How does one combine serious political thought about the impact of globalisation with diverse, international cinema? With the Globale film festival of course! Now in its eighth year, the festival sees 49 films packed into six days, with topics ranging from the fairness of organic foods to the Chilean miners’ rescue.
Der Prozess (The Trial, Apr 11, 18:00 Regenbogen Kino and Apr 13, 22:30 Eiszeit Kino 1 English subs), which received Best Documentary at the Viennale, kicks off the fest, exposing in disturbing detail the events surrounding the trial of 13 animal rights campaigners in Austria, charged according to an anti-terror/mafia law. Director Gerald Igor Hauzenberger takes the camera to the heart of the action, even when it might endanger those filming – prompting the viewer to question the fine lines between art and politics, and between protest and criminal activity.

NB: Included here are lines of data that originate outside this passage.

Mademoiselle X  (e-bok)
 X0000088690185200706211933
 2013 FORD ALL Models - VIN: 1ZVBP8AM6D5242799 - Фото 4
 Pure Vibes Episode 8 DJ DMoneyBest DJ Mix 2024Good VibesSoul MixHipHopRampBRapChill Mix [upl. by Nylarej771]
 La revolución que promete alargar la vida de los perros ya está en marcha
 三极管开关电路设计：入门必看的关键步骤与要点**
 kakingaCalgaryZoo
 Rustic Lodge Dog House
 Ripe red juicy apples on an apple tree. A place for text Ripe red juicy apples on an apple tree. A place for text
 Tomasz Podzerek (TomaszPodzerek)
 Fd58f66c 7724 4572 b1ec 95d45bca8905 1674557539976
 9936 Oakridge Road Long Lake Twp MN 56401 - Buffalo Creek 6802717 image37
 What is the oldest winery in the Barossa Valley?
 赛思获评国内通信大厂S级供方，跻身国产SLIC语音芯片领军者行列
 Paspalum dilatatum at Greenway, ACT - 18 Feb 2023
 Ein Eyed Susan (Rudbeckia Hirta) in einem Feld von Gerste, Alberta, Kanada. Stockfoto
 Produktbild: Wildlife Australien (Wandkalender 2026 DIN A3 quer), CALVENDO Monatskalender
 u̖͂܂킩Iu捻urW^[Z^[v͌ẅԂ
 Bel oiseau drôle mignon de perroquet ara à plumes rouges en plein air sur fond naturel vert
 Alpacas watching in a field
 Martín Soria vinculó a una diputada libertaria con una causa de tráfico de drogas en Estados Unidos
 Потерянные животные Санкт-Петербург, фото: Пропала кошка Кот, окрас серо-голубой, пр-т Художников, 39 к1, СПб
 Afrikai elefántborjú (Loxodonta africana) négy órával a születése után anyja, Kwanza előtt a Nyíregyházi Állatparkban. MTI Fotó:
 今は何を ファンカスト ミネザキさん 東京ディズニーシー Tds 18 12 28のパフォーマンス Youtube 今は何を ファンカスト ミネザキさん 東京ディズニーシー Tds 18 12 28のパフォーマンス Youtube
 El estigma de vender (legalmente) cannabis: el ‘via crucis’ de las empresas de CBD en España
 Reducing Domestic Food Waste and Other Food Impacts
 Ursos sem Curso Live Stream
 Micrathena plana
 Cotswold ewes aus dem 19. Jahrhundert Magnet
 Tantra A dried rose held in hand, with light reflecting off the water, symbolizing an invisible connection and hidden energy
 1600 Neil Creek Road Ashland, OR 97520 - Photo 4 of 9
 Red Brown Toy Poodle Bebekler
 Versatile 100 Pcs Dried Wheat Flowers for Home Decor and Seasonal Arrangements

Die Ausbildung (The Education, Apr 17, 18:30, Eiszeit Kino 1, German) screens as one of the only fiction films of the festival. The plot has the facade of simplicity: 20-year-old Jan struggles to please everyone – colleagues in a new job, a demanding mother and a love interest – but as these interests intertwine, director Dirk Lütter demonstrates with realism the increasingly complex situation among young professionals in Europe.
With 18 different awards and also dealing with one particular group’s struggle to obtain human rights in light of the law, Call Me Kuchu (Apr 12, 18:45, Eiszeit Kino 2, English with German subs) is the combined effort of a Brit, American and Moroccan, and definitely worth catching. For 90 minutes the documentary explores the motivations, sorrows and dreams of the Ugandan gay rights activist David Kato, taking on a poignant sadness after his brutal murder in the middle of filming in 2011.